Will increasing small dollar donations polarize Congress?

The costs of mounting a successful congressional campaign have increased exponentially over the last three decades. In order to win in this environment, members of Congress must increasingly rely on a small pool of donors that is older, whiter, wealthier, and disproportionately male, relative to the general population.

After big gains in the 2018 midterms, Democrats pledged to advance broad-ranging election reforms. Last month they unveiled an ambitious piece of legislation, the For the People Act of 2019 (HR 1), which, in addition to tackling ethics and voting rights issues, proposes sweeping campaign finance reforms designed to “end the dominance of money in politics”. Specifically, HR 1 includes a public matching program to “increase and multiply the power of small donors” by awarding congressional candidates $6 in public funds for every $1 they raise from small donors.

In principle, there are compelling reasons to believe campaign finance reforms that expand the donor base will diversify the pool of candidates and improve responsiveness in government. However, some evidence suggests that small dollar donors have extremist preferences and may have a polarizing effect on politicians.

In a forthcoming Election Law Journal article, we ask, Do Small Donors Polarize Politicians?
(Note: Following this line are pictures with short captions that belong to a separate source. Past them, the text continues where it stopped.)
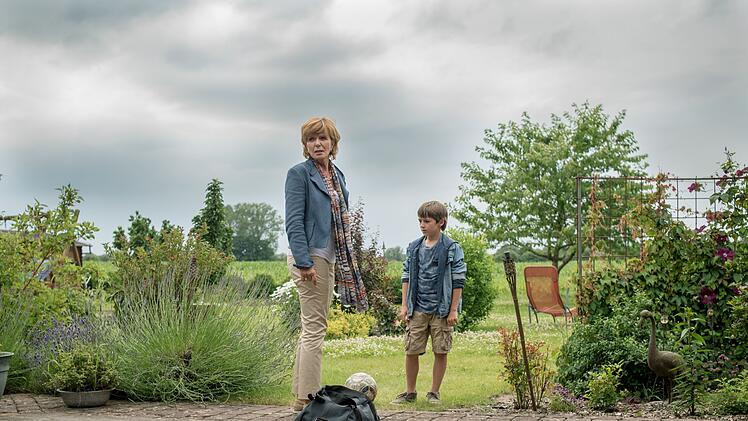 Warum m&ouml;chte Tom (Timo Hack) nicht bei seiner Gro&szlig;mutter (Ulrike Kriener), der Mutter seiner Mutter, bleiben? Hat sie etwas zu verbergen?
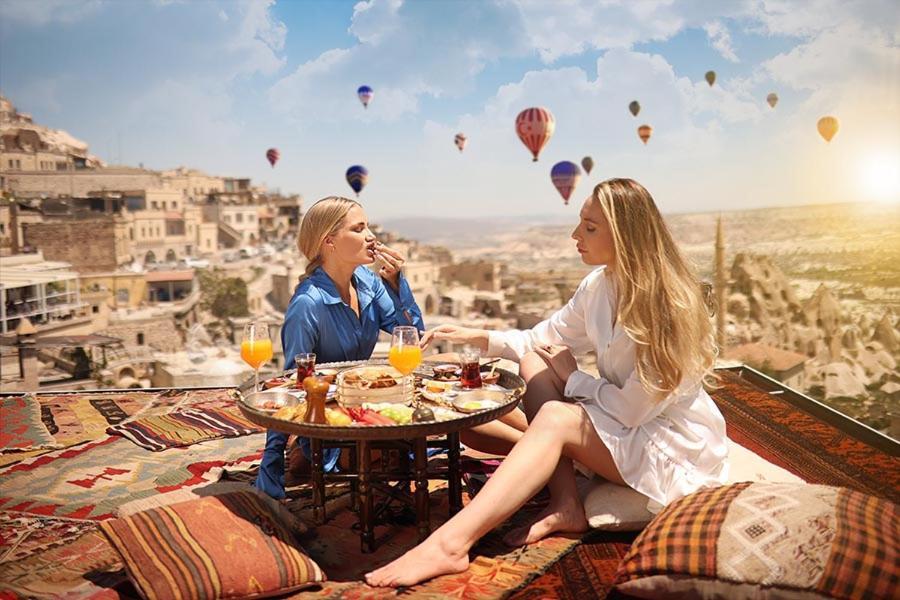Mak'S Cave House Bed & Breakfast อุตชิซาร์ ภายนอก รูปภาพ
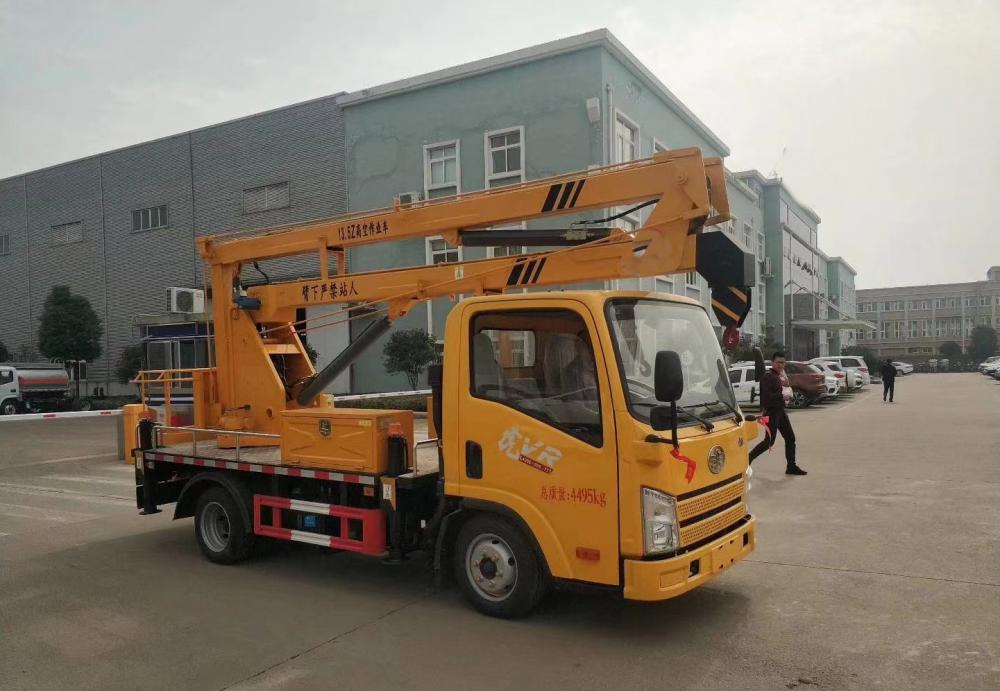 14m Isuzu folding arm high altitude operation truck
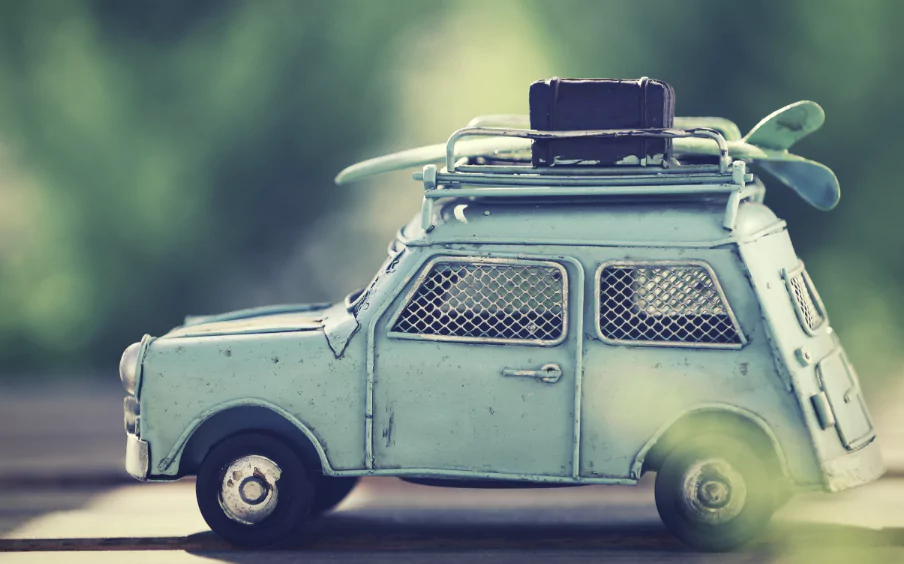 하늘색 차량 사진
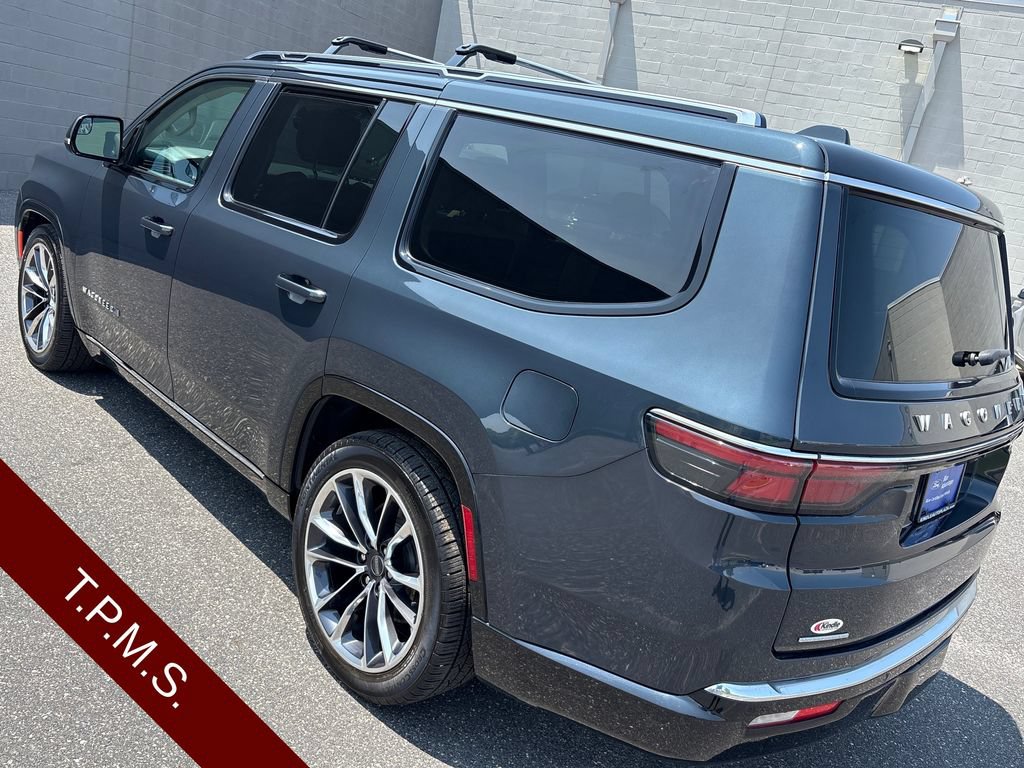 Used 2023 Jeep Wagoneer Series III w/ Premium Group I AWD/4WD image 32
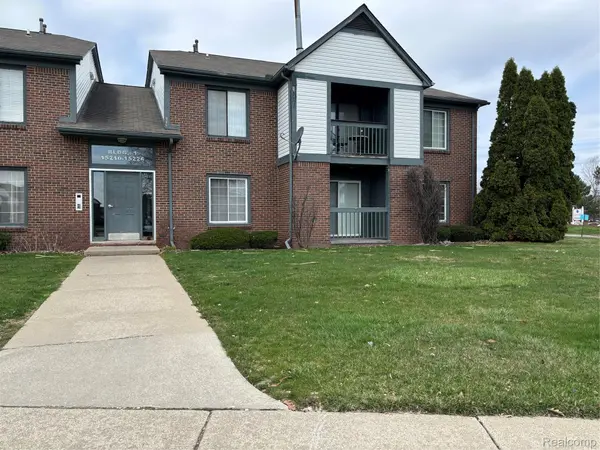 15222 Ashley CT #4, Macomb Township, MI 48044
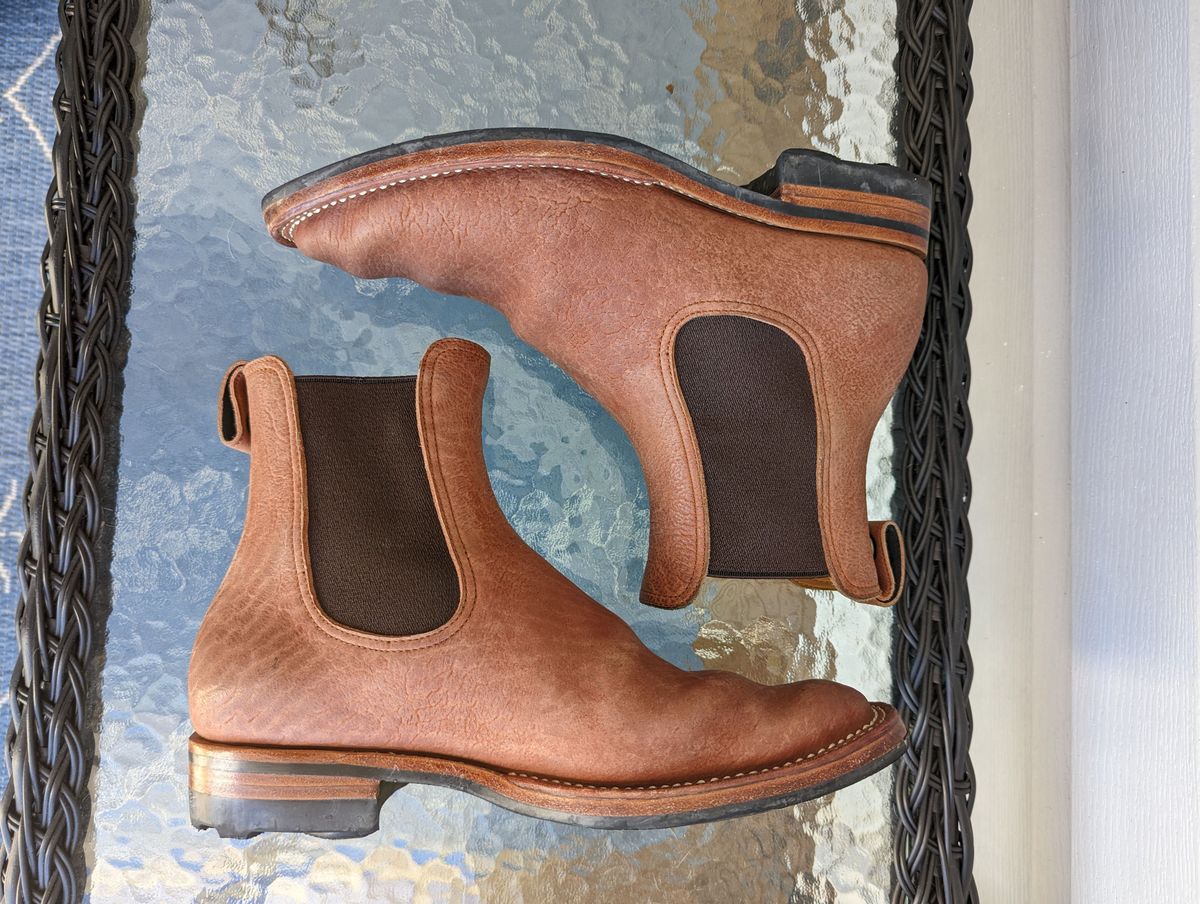 Photo by patinathunderdome on November 1, 2021 of the Benzein The Seventh Chelsea Boot in Shinki Red Brown Shrunken Horsebutt.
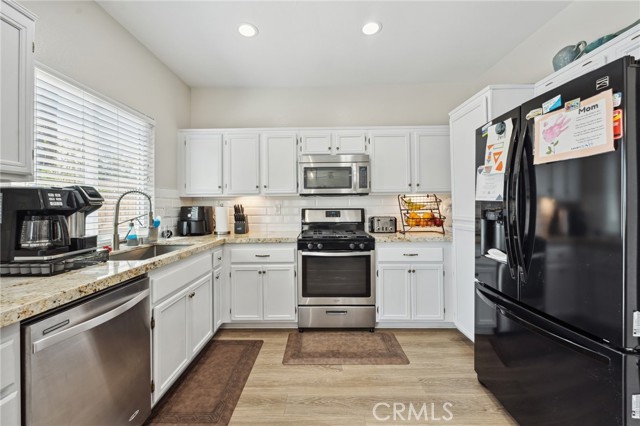 293 Belize Way, Oceanside CA: https://media.crmls.org/medias/4919f121-a3cb-4019-9e1d-f917293d25eb.jpg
We evaluate three competing explanations of the relationship between small dollar donations and legislative polarization in the context of the U.S. Senate. We use campaign finance records and a dynamic measure of roll call voting behavior–Nokken-Poole scores–in the years between 1989 and 2015 to evaluate whether senators who receive more support from small dollar donors tend to be more extreme in their vote positioning. We find that the answer is complicated.

Our findings do not support the claim that small donors “polarize” politicians; we find no correlation between a senator’s behavior and the amount of small dollars raised in previous elections. However, we do find evidence that senators who polarize before Election Day tend to raise more money from small donors. This suggests that politicians posture strategically to small donors for support, and that the reforms included in HR 1 may well alter the strategies that members of Congress use to raise money.

Underlying the argument that small donors polarize legislators is the assumption that donors influence the future behavior of politicians through their gifts. If small donors indeed “polarize” legislators, then senators who enjoy generous support from small donors will tend to be more extreme in their behavior in the congresses that follow, until the next reelection.

A second, related, explanation is that ideologically motivated small donors “select” candidates who are like-minded. Thus, politicians who make it to the Senate with small dollar support will tend to be more ideologically extreme. If this explanation holds, we should be able to observe polarization after a senator is first elected, throughout their career.

We found no support for either of  these explanations. First, senators who raise more money from small donors during a given election cycle tend to behave no differently than their peers, all else equal, in the congresses that follow. Second, when we consider the small dollars raised in a senator’s first election to the Senate, we similarly find no correlation. Candidates who entered the Senate with small dollar support appear to behave no differently in subsequent two-year congressional sessions than those who did not raise money from small donors.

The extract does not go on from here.